Over the past decade, Geli has seen its software put to use to design, install and operate megawatts of grid-connected and behind-the-meter battery and microgrid projects. On Thursday, the San Francisco-based startup agreed to be acquired by Hanwha Q Cells, to serve as the solar module giant’s entrée into North American commercial and industrial solar-storage markets.
Batteries are becoming an increasingly valuable addition to distributed solar projects, and that's true both for homeowners and some commercial customers. Hanwha Q Cells, which has already launched its own residential storage system in European and Australian markets, bought Geli to help manage the more complex and cost-sensitive C&I storage market, Mina Park, Hanwha Q Cells' vice president of business development, said in an interview this week.
“Our customers are starting to look for an integrated solution — hardware plus software — that has wraparound services, warranties and much more integrated customer experiences,” Park said. “It’s all about bringing the cost down.”
The South Korean company is already a major supplier of solar modules to U.S. commercial and industrial customers, with a 26 percent share of the market in the second quarter, according to Wood Mackenzie. But the company wants to play a bigger role in supplying batteries to those same customers.
Geli was one of the last pure-play storage software vendors standing. In 2016, Seattle-based startup 1Energy was acquired by Doosan. In 2017, battery software startup Greensmith was bought by Wärtsilä and German energy storage software and project owner Younicos was bought by Aggreko.
Hanwha Q Cells’ purchase price was not disclosed. Geli has raised about $24 million since its 2010 founding.
Geli, which stands for Growing Energy Labs Inc., got its start providing software for microgrid and electric vehicle-solar-battery integration projects in California and New York.
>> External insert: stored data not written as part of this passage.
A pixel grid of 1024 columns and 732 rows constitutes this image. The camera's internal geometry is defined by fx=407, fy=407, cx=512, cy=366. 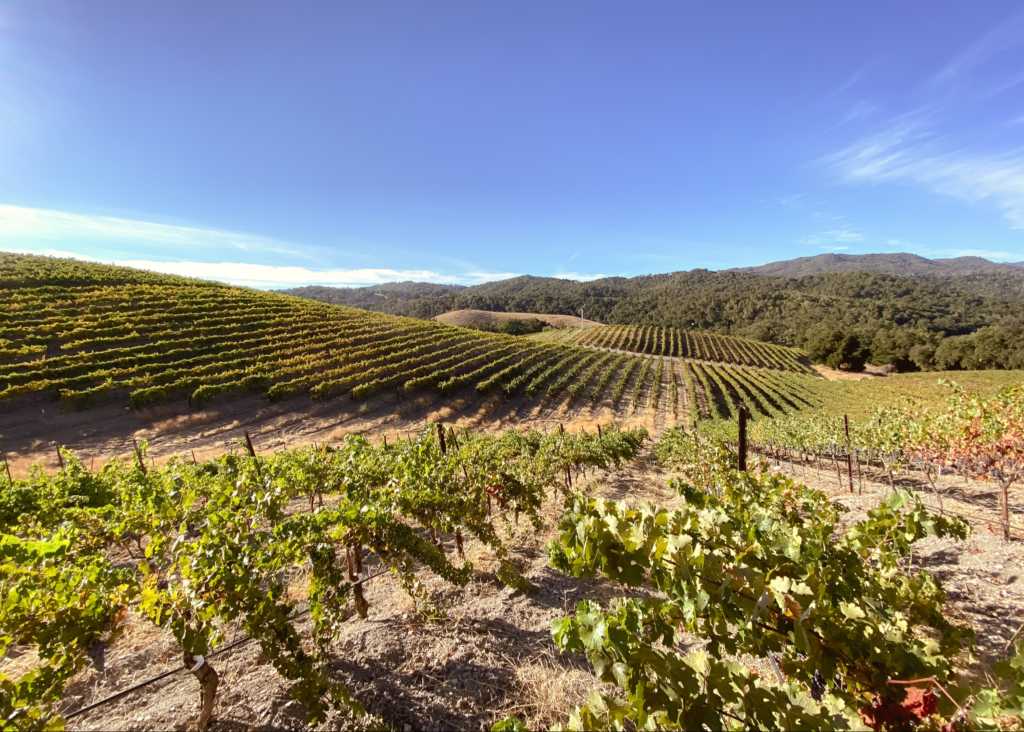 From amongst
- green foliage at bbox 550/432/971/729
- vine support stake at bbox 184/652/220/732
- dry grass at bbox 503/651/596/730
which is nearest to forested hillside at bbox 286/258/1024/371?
green foliage at bbox 550/432/971/729

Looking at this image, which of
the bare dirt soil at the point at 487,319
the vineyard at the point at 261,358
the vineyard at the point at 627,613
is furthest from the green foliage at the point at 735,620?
the bare dirt soil at the point at 487,319

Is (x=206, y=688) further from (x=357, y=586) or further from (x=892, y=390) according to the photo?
(x=892, y=390)

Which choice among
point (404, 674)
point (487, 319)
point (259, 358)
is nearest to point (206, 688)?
point (404, 674)

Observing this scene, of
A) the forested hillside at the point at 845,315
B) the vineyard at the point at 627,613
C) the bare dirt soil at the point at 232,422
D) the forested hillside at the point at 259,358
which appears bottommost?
the bare dirt soil at the point at 232,422

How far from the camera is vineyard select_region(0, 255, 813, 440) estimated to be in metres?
24.1

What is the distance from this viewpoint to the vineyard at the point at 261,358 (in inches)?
950

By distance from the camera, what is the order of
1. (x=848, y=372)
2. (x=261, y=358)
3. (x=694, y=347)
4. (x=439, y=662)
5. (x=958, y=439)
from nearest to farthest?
(x=439, y=662) → (x=958, y=439) → (x=261, y=358) → (x=848, y=372) → (x=694, y=347)

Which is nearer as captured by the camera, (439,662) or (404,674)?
(404,674)

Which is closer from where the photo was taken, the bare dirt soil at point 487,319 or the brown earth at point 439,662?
the brown earth at point 439,662

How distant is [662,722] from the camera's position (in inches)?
73.1

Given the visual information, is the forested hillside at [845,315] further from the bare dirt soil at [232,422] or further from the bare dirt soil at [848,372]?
the bare dirt soil at [232,422]

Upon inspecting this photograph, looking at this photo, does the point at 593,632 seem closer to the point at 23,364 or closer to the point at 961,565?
the point at 961,565

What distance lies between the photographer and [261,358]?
29.2m

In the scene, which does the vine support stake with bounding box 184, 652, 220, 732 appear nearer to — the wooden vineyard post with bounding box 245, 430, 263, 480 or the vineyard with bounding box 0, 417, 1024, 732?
the vineyard with bounding box 0, 417, 1024, 732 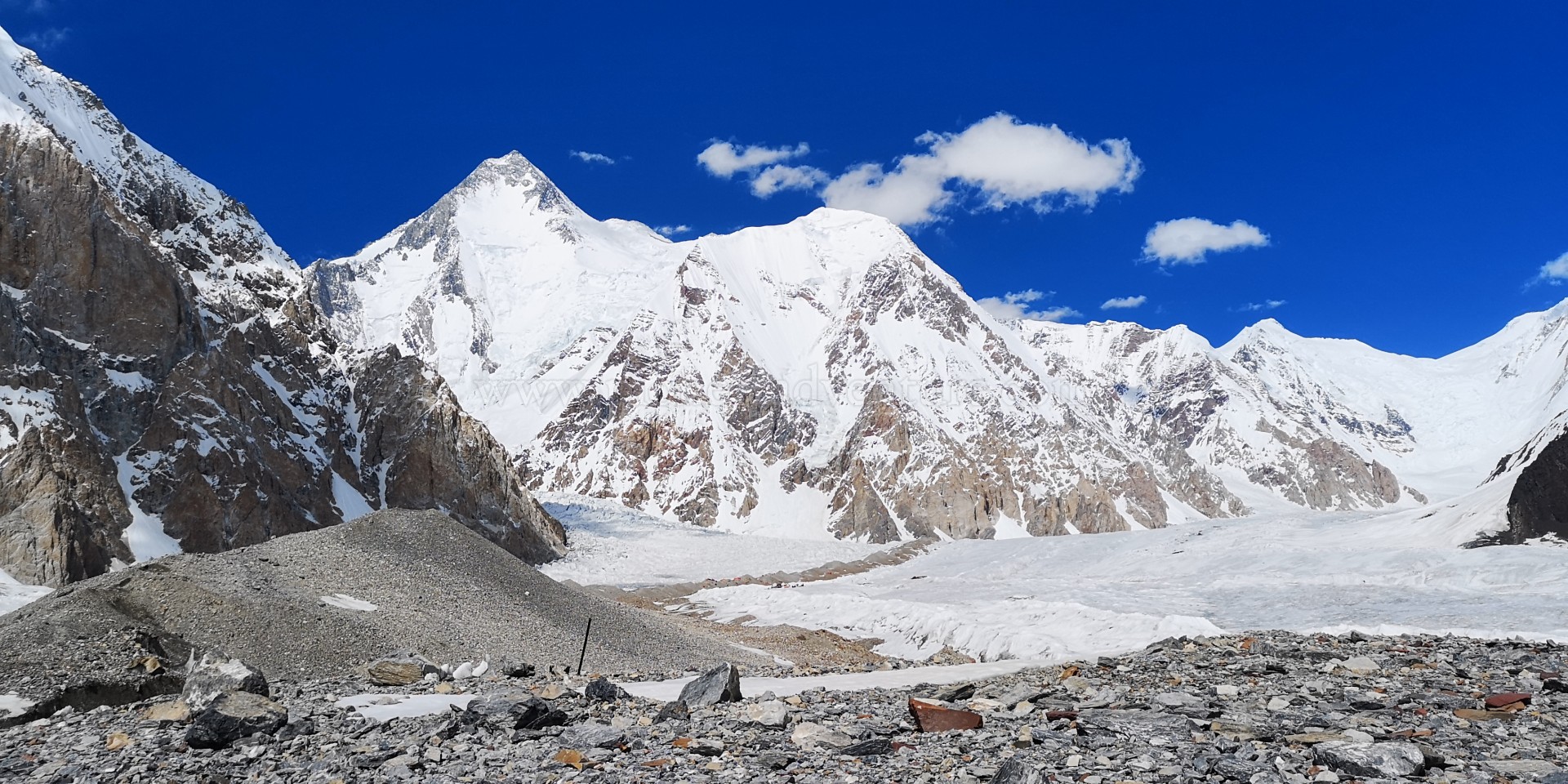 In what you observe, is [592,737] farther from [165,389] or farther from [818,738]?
[165,389]

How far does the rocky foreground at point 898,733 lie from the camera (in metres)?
6.79

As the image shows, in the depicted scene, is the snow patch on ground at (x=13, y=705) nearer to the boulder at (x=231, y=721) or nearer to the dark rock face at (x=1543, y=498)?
the boulder at (x=231, y=721)

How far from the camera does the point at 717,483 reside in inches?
6654

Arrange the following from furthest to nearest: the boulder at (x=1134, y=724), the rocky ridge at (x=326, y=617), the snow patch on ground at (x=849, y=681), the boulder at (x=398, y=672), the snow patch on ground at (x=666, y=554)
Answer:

It’s since expanded to work with partners such as Flex’s NexTracker and Australian solar provider Energy Matters, at scales ranging from multi-megawatt grid batteries and virtual power plant aggregations to behind-the-meter residential systems.
C&I storage: Growing market, tight competition
In North America's commercial and industrial market for energy storage systems, Hanwha Q Cells will compete with vendors such as Stem and Engie Storage, formerly Green Charge Networks, which design their own software. Ensuring that batteries earn their keep requires careful management to reduce peak demand charges, balance shifting load patterns against complex commercial energy rates and tariffs, and operating the batteries within limits to optimize their effective lifespan.
Bringing solar to the mix adds the complexities of arbitraging the value of self-generated and stored power against all those factors. Sizing the battery to optimize these values is a bit of a balancing act, CEO Dan Loflin told Greentech Media. Too much battery adds unnecessary costs, while too little battery may prevent the overall system from meeting its targets.
What’s more, “that cocktail of factors is evolving, almost immediately,” he said. Energy usage patterns change as businesses expand or invest in new equipment, while utilities and regulators can introduce new demand charge regimes, energy tariffs and time-of-use rates. “While it’s hard to quantify that, I think that if you have a simplistic or dumb EMS [energy management system], you’re basically flatfooted.”
Must-have capabilities
Unlike most energy storage vendors offering combined software-hardware packages, Geli took a standalone software-as-a-service approach, integrating with a variety of battery and inverter systems and project developers. It also took a holistic view of its role to include system planning and design as well as ongoing operations and optimization, Loflin said.
“I wouldn’t say we’re the only ones doing it now,” but in its early days, Geli was one of the few battery management software vendors “offering what we call design-time software,” its ESyst platform to calculate the optimal mix of batteries for individual customer sites.
Likewise, Geli’s Energy Operating System was designed not only to “operate the battery in the most effective manner but also to manage the asset operations and warranty tasks,” Loflin said. “It’s about managing the life cycle of the system.”
This start-to-finish approach lends itself well to Hanwha Q Cells’ goals, said Hanwha Q Cells' Park. Given the increasingly competitive landscape for solar-storage developers, “I think it is a must to have these capabilities to enter the market,” Park said. Geli’s existing customer base of solar developers, energy services companies and energy retailers fits in well with Hanwha Q Cells' strategic interest in its target markets, and the startup’s extensive store of data to inform its machine learning analytics is an important addition, Park said.